AIM OF THE TASK: Please reproduce the data below exactly, from the first line through the line containing "House in Laredo, Texas, United", and leave every later line out.

(Short text fragments from websites)

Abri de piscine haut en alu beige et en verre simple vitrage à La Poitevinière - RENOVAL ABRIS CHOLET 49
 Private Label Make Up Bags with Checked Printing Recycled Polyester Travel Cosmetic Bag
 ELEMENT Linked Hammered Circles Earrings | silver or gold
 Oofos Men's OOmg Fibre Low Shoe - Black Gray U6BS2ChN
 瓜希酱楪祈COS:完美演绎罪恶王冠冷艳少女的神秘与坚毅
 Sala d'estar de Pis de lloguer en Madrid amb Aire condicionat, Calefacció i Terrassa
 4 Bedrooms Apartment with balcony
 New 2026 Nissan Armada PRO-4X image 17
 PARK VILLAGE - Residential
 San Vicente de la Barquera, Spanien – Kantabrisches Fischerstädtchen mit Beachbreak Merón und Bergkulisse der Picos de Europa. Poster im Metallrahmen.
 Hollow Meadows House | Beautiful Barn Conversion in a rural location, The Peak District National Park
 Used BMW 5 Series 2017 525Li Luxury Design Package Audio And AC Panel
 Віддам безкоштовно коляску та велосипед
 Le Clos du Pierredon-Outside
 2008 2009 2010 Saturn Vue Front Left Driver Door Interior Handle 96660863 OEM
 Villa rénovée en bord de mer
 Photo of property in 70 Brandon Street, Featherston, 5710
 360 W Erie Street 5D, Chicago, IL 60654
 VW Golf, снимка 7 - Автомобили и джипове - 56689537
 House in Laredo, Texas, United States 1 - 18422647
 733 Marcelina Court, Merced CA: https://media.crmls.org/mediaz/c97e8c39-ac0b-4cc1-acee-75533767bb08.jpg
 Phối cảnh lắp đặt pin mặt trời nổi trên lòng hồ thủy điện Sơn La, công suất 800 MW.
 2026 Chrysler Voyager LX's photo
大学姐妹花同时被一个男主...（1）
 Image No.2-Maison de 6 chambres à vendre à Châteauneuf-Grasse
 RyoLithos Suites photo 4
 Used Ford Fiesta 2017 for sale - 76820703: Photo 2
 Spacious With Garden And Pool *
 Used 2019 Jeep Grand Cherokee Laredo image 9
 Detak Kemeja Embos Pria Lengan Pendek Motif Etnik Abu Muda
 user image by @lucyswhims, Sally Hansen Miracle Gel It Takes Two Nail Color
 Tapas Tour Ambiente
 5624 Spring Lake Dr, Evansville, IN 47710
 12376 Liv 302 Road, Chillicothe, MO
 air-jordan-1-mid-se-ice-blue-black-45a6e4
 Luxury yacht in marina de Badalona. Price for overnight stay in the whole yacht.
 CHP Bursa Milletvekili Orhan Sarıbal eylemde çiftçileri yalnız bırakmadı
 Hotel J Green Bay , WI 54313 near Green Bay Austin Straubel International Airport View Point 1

EXPECTED OUTPUT:
Abri de piscine haut en alu beige et en verre simple vitrage à La Poitevinière - RENOVAL ABRIS CHOLET 49
 Private Label Make Up Bags with Checked Printing Recycled Polyester Travel Cosmetic Bag
 ELEMENT Linked Hammered Circles Earrings | silver or gold
 Oofos Men's OOmg Fibre Low Shoe - Black Gray U6BS2ChN
 瓜希酱楪祈COS:完美演绎罪恶王冠冷艳少女的神秘与坚毅
 Sala d'estar de Pis de lloguer en Madrid amb Aire condicionat, Calefacció i Terrassa
 4 Bedrooms Apartment with balcony
 New 2026 Nissan Armada PRO-4X image 17
 PARK VILLAGE - Residential
 San Vicente de la Barquera, Spanien – Kantabrisches Fischerstädtchen mit Beachbreak Merón und Bergkulisse der Picos de Europa. Poster im Metallrahmen.
 Hollow Meadows House | Beautiful Barn Conversion in a rural location, The Peak District National Park
 Used BMW 5 Series 2017 525Li Luxury Design Package Audio And AC Panel
 Віддам безкоштовно коляску та велосипед
 Le Clos du Pierredon-Outside
 2008 2009 2010 Saturn Vue Front Left Driver Door Interior Handle 96660863 OEM
 Villa rénovée en bord de mer
 Photo of property in 70 Brandon Street, Featherston, 5710
 360 W Erie Street 5D, Chicago, IL 60654
 VW Golf, снимка 7 - Автомобили и джипове - 56689537
 House in Laredo, Texas, United States 1 - 18422647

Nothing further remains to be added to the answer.